Auf dem Weg von Ingolstadt nach Kelheim empfiehlt es sich, im bekannten Biergarten des Klosters Weltenburg. Ausgeschenkt wird das Bier der Weltenburger Klosterbrauerei, der weltweit ältesten Klosterbrauerei. Wer genügend Zeit mitgebracht hat, sollte sich eine Schifffahrt auf der direkt am Donaudurchbruch gelegenen Donauschleife.

Bevor die Radfahrer nach Regensburg weiterfahren, können sie eine kleine Wanderung auf den Michelsberg machen. Dort erwartet sie die Befreiungshalle, die Ludwig I. zum Gedenken an die Siege während der Napoleonischen Kriege errichten ließ. Zahlreiche Sehenswürdigkeiten wie die Steinerne Brücke oder Schloss Emmeram und eine malerische Altstadt, die seit 2006 Teil des UNESCO-Welterbes ist, empfangen die Gäste hier.

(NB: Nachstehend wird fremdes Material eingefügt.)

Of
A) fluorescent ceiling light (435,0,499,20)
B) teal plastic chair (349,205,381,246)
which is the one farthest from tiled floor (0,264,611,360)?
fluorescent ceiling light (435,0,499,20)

Ein weiteres Bauwerk Ludwigs I. können die Radfahrer bei Donaustauf auf dem Weg von Regensburg nach Straubing einlegen: In der Gedenkhalle Walhalla, die 1842 eingeweiht wurde, sind 130 Büsten sowie 65 Gedenktafeln zum Gedenken an bekannte deutsche Persönlichkeiten aufgestellt. Erbaut wurde das Gebäude, von dem aus die Besucher einen prächtigen Ausblick über das Donautal genießen, im Stil eines römischen Pantheons. Weitere imposante Bauwerke auf dieser Etappe sind das Schloss Wörth sowie der Straubinger Stadtturm auf dem Marktplatz.

Die Route von Straubing nach Deggendorf führt über Bogen, einem der bekanntesten Wallfahrtsorte in Bayern sowie über das Kloster Metten. Dieses ist seit der Gründung anno 766 ständig bewohnt und ist bekannt für die klassischen Barockelemente an der Mauer. Den Tag können die Besucher im Altstadtviertel ausklingen lassen, wo noch zahlreiche Bauten aus dem Barock und der Gotik zu sehen sind.

Nur noch 60 Kilometer trennen die Radfahrer schließlich von Passau, wo der deutsche Teil des Donauradweges endet. Bekannt ist die Stadt für die engen Gassen entlang der barocken Gebäude der Altstadt sowie für die Tatsache, dass hier der Inn sowie die Ilz in die Donau fließen. Diesem einmaligen Ambiente verdankt Passau, dass es gelegentlich auch als deutsches Venedig bezeichnet wird.